Я не собирался всерьез подвергнуться испытанию. Важно было под каким-нибудь благовидным предлогом избавиться от жеребца и, договорившись с его женой, упросить ее отменить или по крайней мере отложить эксперимент.

* * *

Как обманулся я в жене заместителя директора! Я счел было ее умной, поскольку, благодаря одной-единственной статье «Логика лжи применительно к структуре, базирующейся на формализации», она сразу же превратилась из заурядной машинистки-больной в сотрудницу лаборатории. Достаточно расчетливая, чтобы, сославшись на импотенцию мужа, поселиться отдельно от него, она представлялась мне лишенной округлостей женщиной, этаким треугольником в платье.

Но едва я увидел ее, все мои предположения рассыпались в прах. Прекрасно сложена, миловидна, правда, остренький носик и верхняя губа производили неприятное впечатление. Глаза, серьезные и печальные, похожи на спелые виноградины; голос мягкий, прерывающийся; ворот халата сверкает крахмальной белизной.

Я изменил тактику и решил согласиться на испытание. Я жаждал нормальных ощущений, как ныряльщик под водой жаждет воздуха. И не просто спасовал перед фантасмагорией – этим жеребцом и всем, связанным с ним. Я уже не испытывал уверенности в том, что мое собственное зеркало по-прежнему останется незамутненным и будет верно отражать события.

Ничего страшного, на худой конец, если вопрос окажется слишком опасным, я откажусь отвечать на него.

Она отнеслась ко мне так, как я и ожидал. Откровенно рассказала, почему живет отдельно от мужа. С первого дня супружества они заключили своеобразное соглашение: любую происходящую между ними беседу удостоверять с помощью детектора лжи. Дело было вовсе не в ревности или недоверии друг к другу, а в бесхитростном желании снова и снова убеждаться во взаимной любви. Они стремились исключить любые недомолвки, связанные со словом «ложь», не ради взаимных упреков, а во имя взаимного прощения.

Вопреки ожиданиям, все это обернулось против них. День ото дня их интерес друг к другу ослабевал, и в конце концов осталась лишь опустошенность.

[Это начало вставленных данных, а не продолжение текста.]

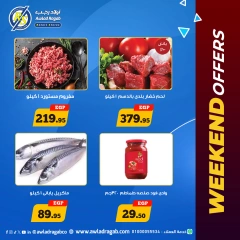 Página 2 en Ofertas de fin de semana en Awlad Ragab Egipto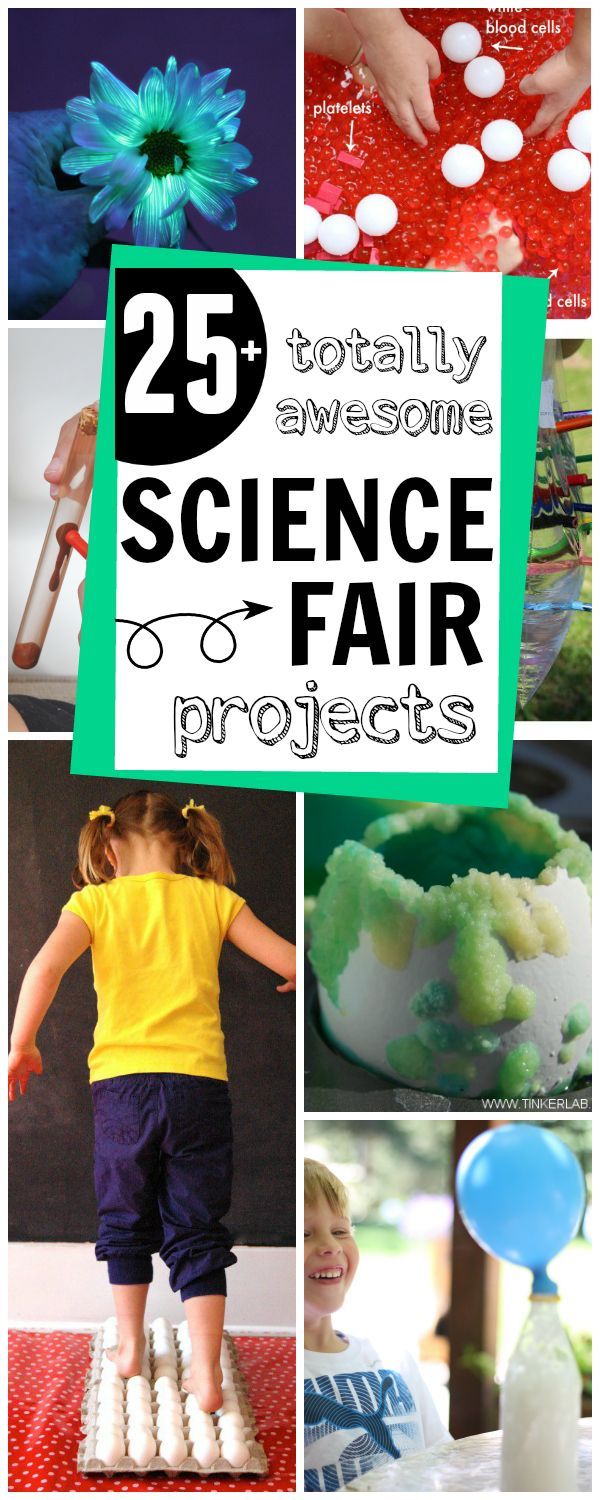 Science Fair Projects for primary and elementary students! There are so many aw... Science Fair Projects for primary and elementary students! There are so many aw... 2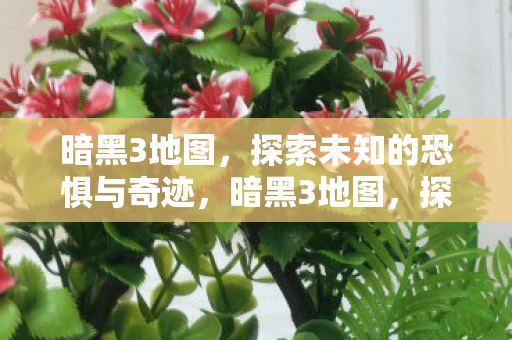 暗黑3地图，探索未知的恐惧与奇迹，暗黑3地图，探索恐惧与奇迹的未知领域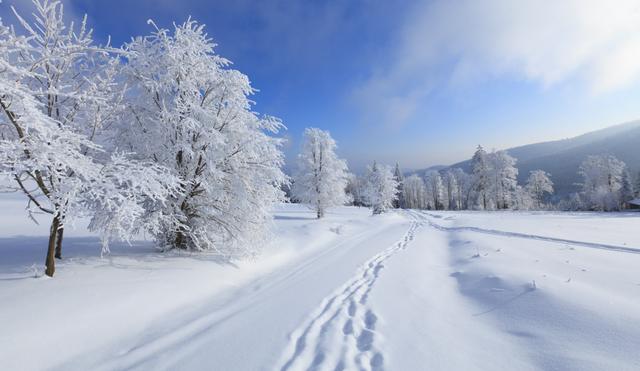 梦见大雪插图2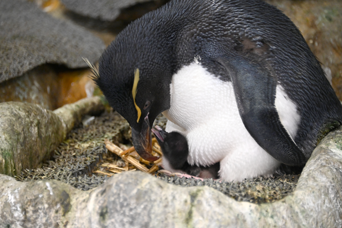 写真：ペンギンのイベント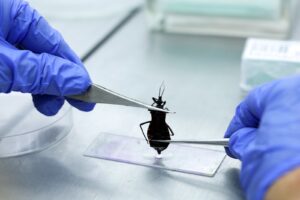 Doença de Chagas ainda preocupa e registra mais de mil casos no DF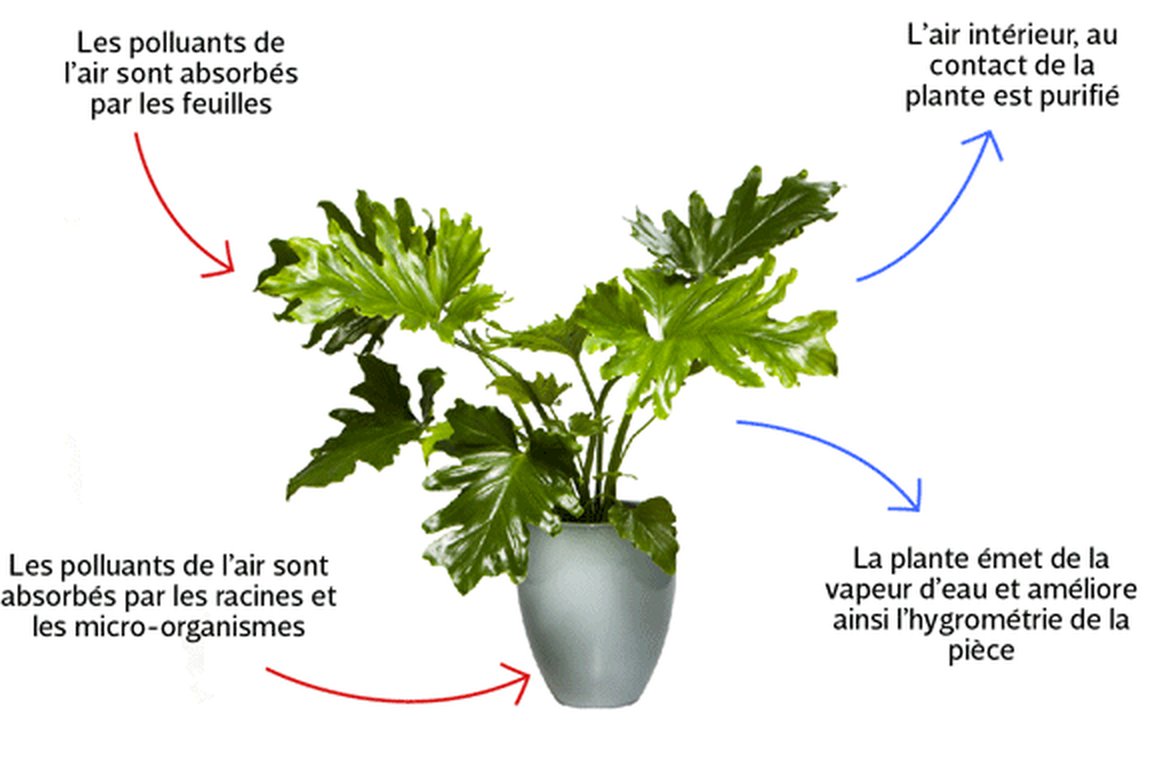 Fonctionnement de la plante dépolluante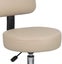 STOOL LAB SALON TATTOO OFFICE ROLLING CHAIR WITH BACKREST Carousel 2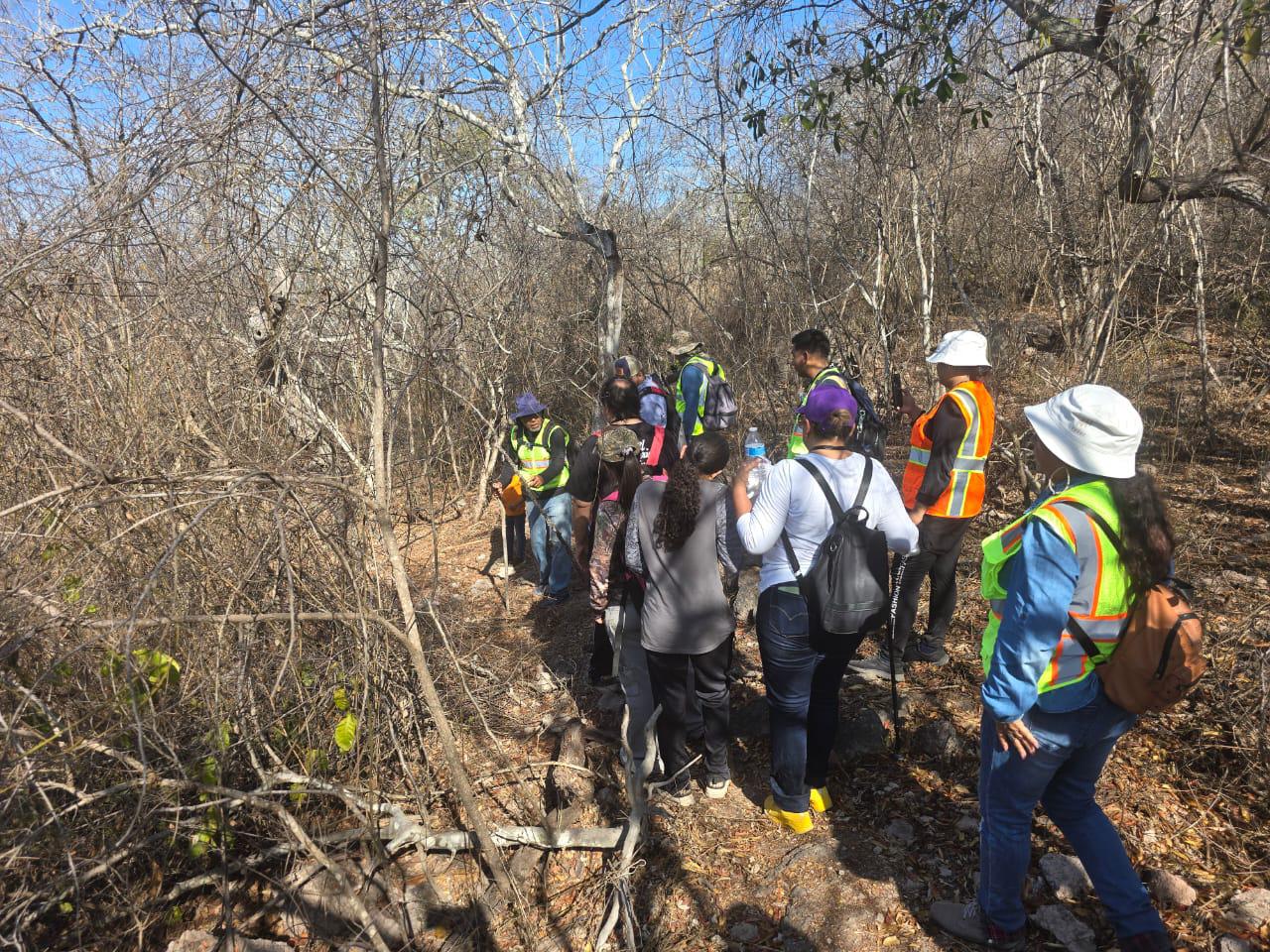 $!Preparan ruta de senderismo para impulsar la imagen turística de Chametla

– Я не могу сказать, что в наших отношениях что-то изменилось. Они – как бы сказать поточнее – стали лампочкой, отключенной от сети. Детектор лжи – штука бездушно-холодная, согласны? Правда – лицо, ложь – изнанка. Во всем происходящем есть лицо и изнанка.

– Вообще это ужасно тоскливо.

– Компьютеры тоже рассматривают все как плюс или минус. Да или нет. Может, это и хорошо, когда между чувством и разумом нет противоречия. Но что произойдет, если человека лишить такого противоречия? Если исчезнут ложь и правда и останутся одни лишь голые факты…

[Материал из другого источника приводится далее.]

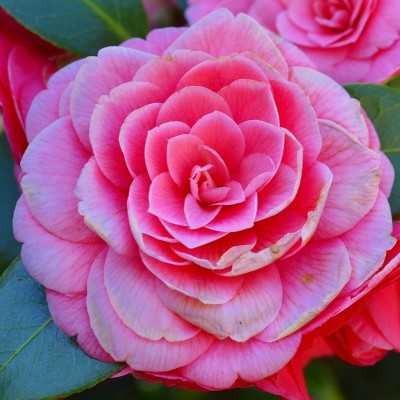 piante camelia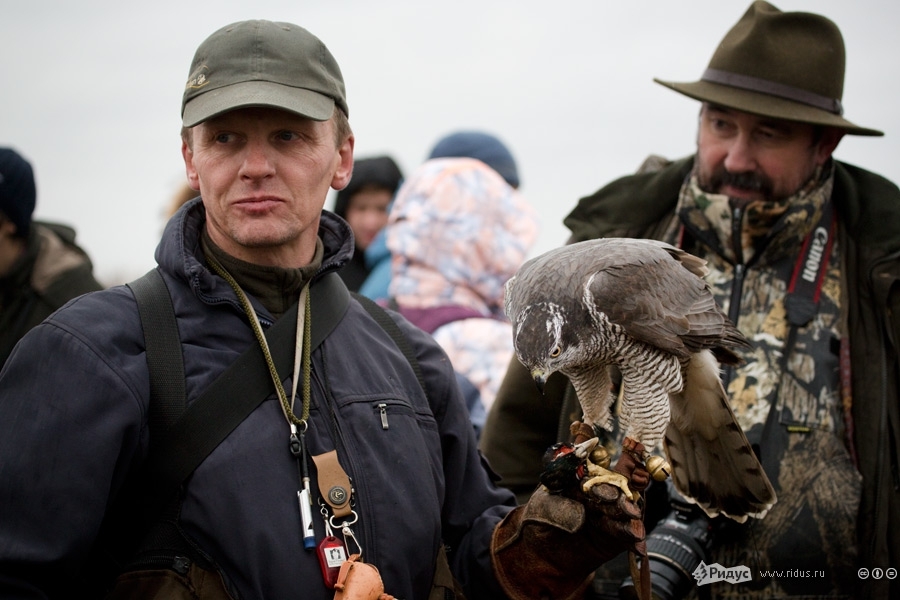 Всероссийский слет охотников с ловчими птицами 2013
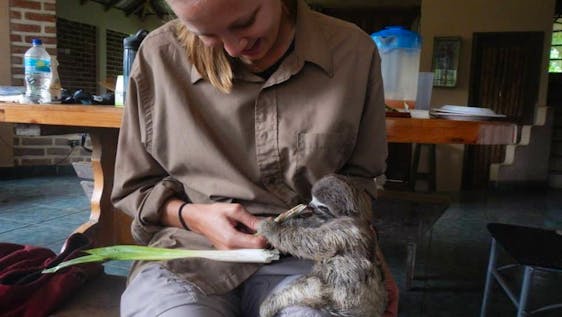 Amazon Rainforest Volunteer Projects Wildlife Rescue & Animal Caretaker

– В логичности вам не откажешь.

– Этим-то я себе и противна.

У супругов, лишенных прелести свободного общения, исчезло и взаимное влечение. Не с чем соглашаться, не на что возражать – остались одни их сердца, иссушенные, как трупики насекомых. Заместитель директора начал страдать острой импотенцией, и заведующий лабораторией лингвопсихологии помог ей поселиться отдельно.

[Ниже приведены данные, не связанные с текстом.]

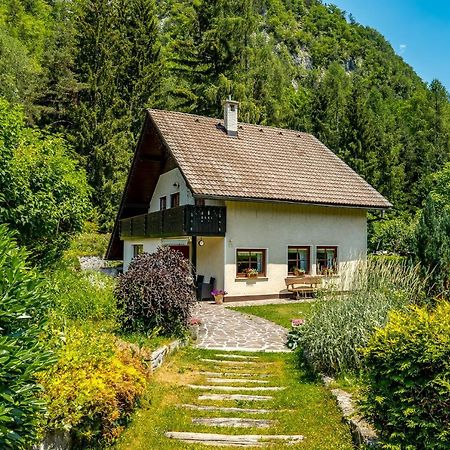 Hisa Nasproti Sonca Kranjska Gora Exterior foto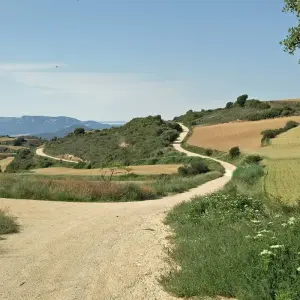 Explore Camino de Santiago for 13 days with Caspin Journeys and discover unforgettable experiences - Photo 6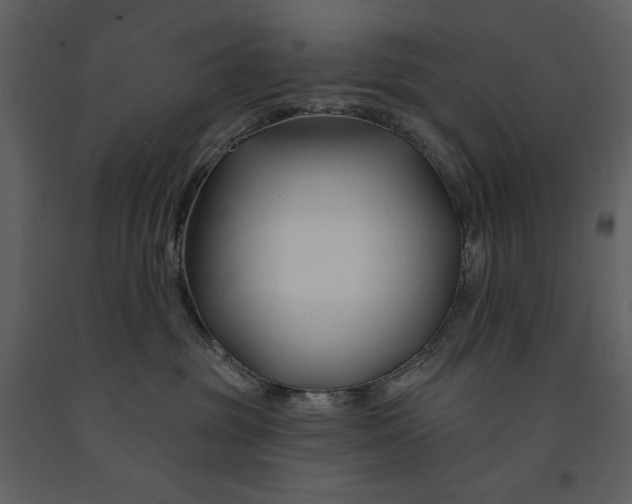 X0000090970381200708241321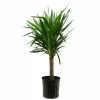 Wholesale 🎁 Costa Farms Yucca Cane in 8.75 in. Grower Pot 😀 -Pavestone || Costa Farms Shop costa farms indoor plants 10yc1 64 1000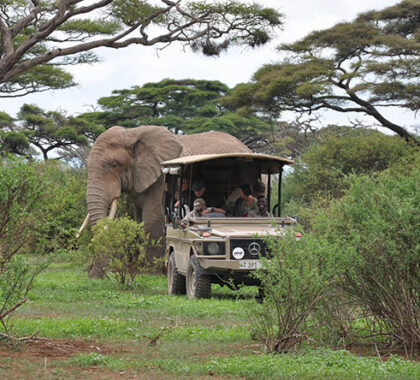 Get up close and personal with Amboseli’s elephants on private game drives.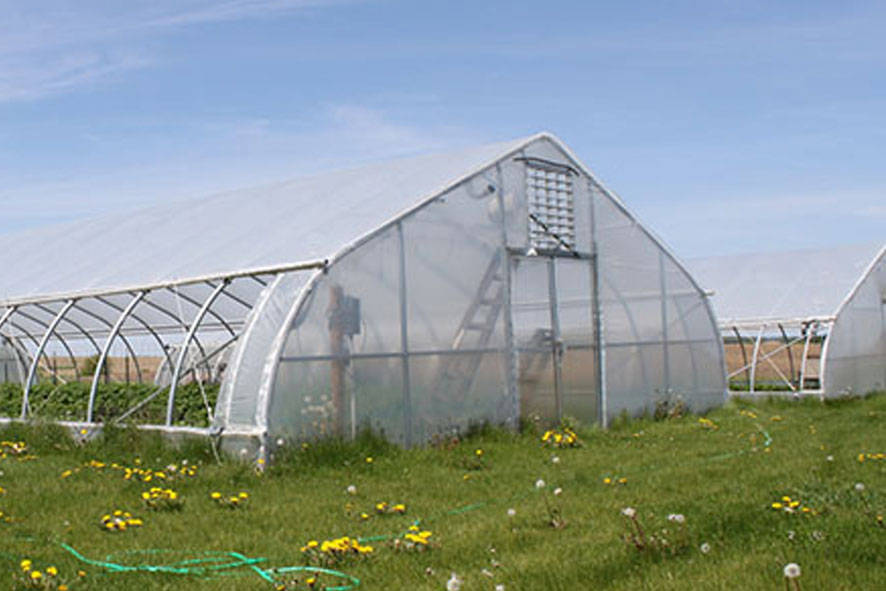 建造蔬菜小温室的几个小步骤 加热器 植物 结构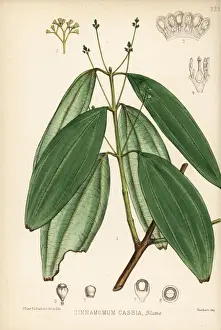 Cinnamon Prints: Chinese cinnamon or cassia, Cinnamomum cassia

– Пережитое в то время, наверно, и легло в основу вашей статьи «Логика лжи»?

– Читали?

– Бессмысленно такому человеку, как я…

– Например, существует узаконенная социальная ложь: оповещению о начале близости между мужчиной и женщиной дают наименование свадьбы; временный отъезд, чтобы без помех предаться любви, называют свадебным путешествием. Таким образом вуалируется непристойность. Обряды ничем не отличаются от процедуры выдачи водительских прав – придание стабильности стержню человеческих отношений.

– Я сегодня уже второй раз слышу о стержне человеческих отношений…

– Вы хотите сказать, что третий раз грозит вам сердечным приступом? – Она засмеялась. Проверка аппаратуры была закончена. – Ну как, начнем?

– Пожалуйста.

Потянулся бесконечный ряд монотонных, отчетливых вопросов. Любите собак?.. Сейчас утро?.. Дождь идет?.. Ели когда-нибудь помидоры?.. Вы чистите зубы перед умыванием?.. Сегодняшний сон был цветным?..

Потом вдруг обрушилась лавина совершенно неожиданных вопросов, заставших меня врасплох.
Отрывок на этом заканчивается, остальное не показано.